Written By Haley Clarke-Cousineau
Edited By Aiya Hyslop-Healy
Girl Core is a hybrid nonfiction essay imitating a young woman’s experience scrolling through Instagram reels on any given day. It explores the issues of having so much varying content tailored and presented to you in the span of less than six minutes. More specifically, it presents the sometimes overt, sometimes inconspicuous misogyny that permeates social media, and how easy it is to find oneself succumbing to such negativity. This is a piece whose subtleties and wit ask you to think deeply about every line, and wonder is it simply innocuous or something more?
11:27:07pm
A petite brunette woman is teaching me how to make a DIY ghost fairy-lights with toilet paper and glue. Over the step-by-step instructions, a quote from Halloweentown plays, accompanied by a lo-fi song that makes me think of nighttime in the fall. I think, I should try that.
But I don’t press the two extra buttons to save the tutorial.
11:42:35
A man with the username “millenial_misery” tells me why The Princess Diaries doesn’t make any sense. I agree with two of his points, then realize I don’t care, and swipe down.
Most movies are nonsense; that’s why I like them.
11:43:06
“Your unique hair, our custom solution. Unlock your hair’s full potential with Prose.”
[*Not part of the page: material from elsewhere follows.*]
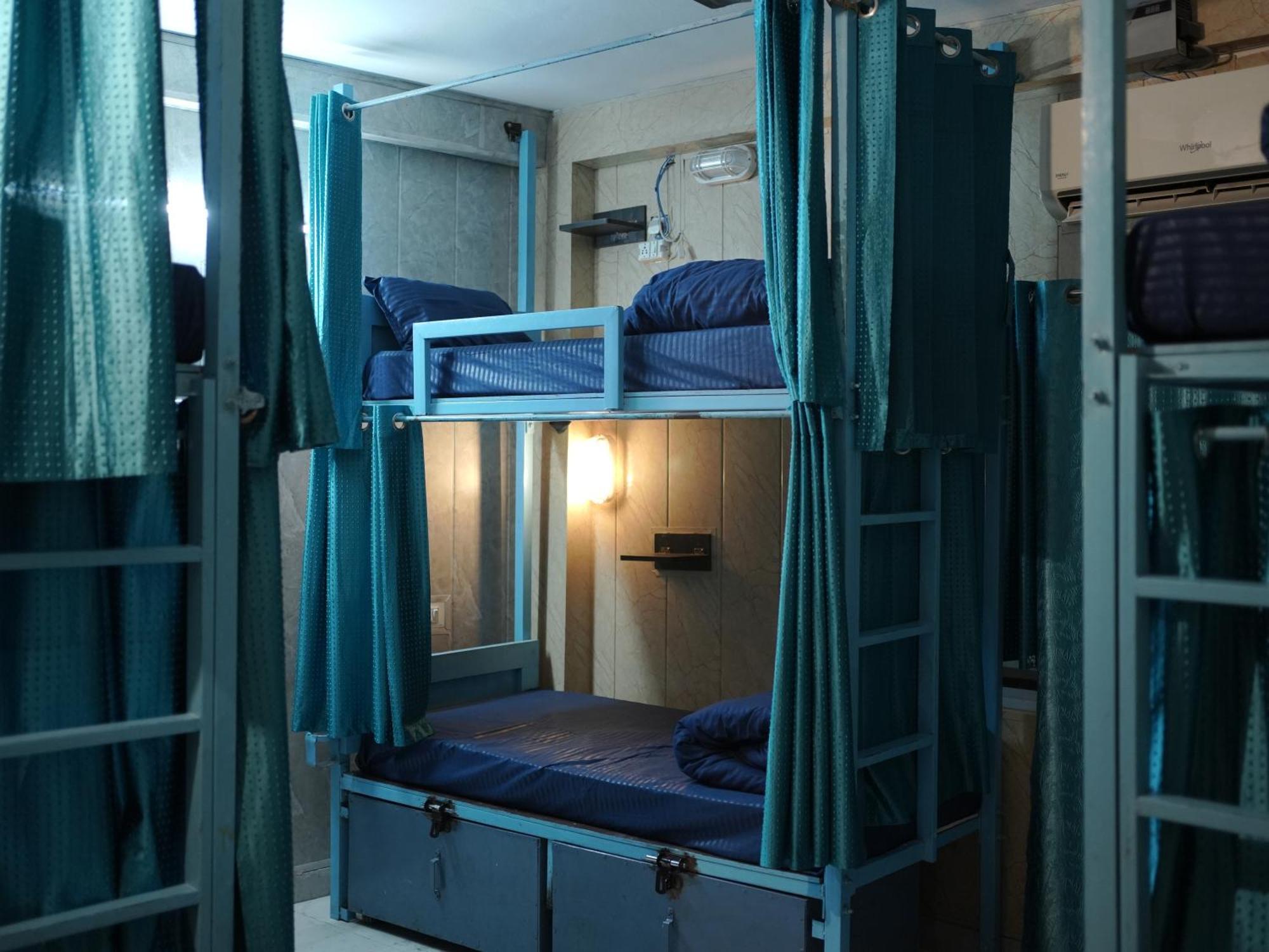 Skyard Rishikesh, Laxman Jhula Hostel Buitenkant foto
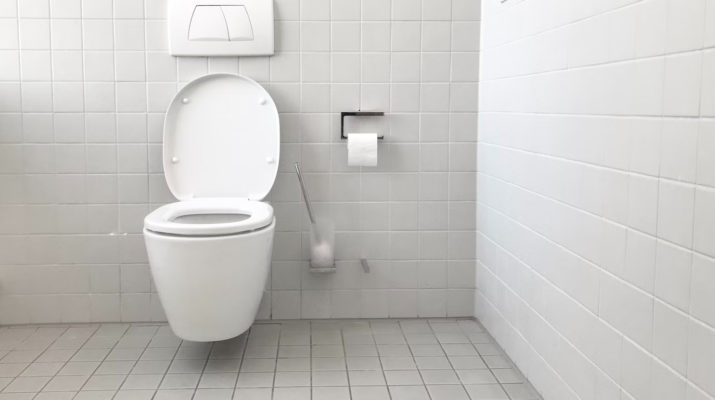 Čistíte a meníte WC kefu pravidelne? Ak nie, toto by ste mali vedieť!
How selfish of me, to be preventing my hair from achieving its full potential.
11:43:17
A beautiful woman who’s been vegan for 3 years hated cauliflower until she prepared it in this new and unheard-of way,
and I need to try it too.
11:43:55
A man is pulling down his fly on the metro. He looks at whoever’s filming him right in the eye, smirking, until another man appears in the shot and starts to yell at him. The fly comes up, the smile disappears, and the creep gets off at the next stop.
A final man pops up in the corner of my phone to tell me how to process this 15-second clip. “This is why you ladies have to be careful while riding the subway! Luckily there was a man there that intervened.”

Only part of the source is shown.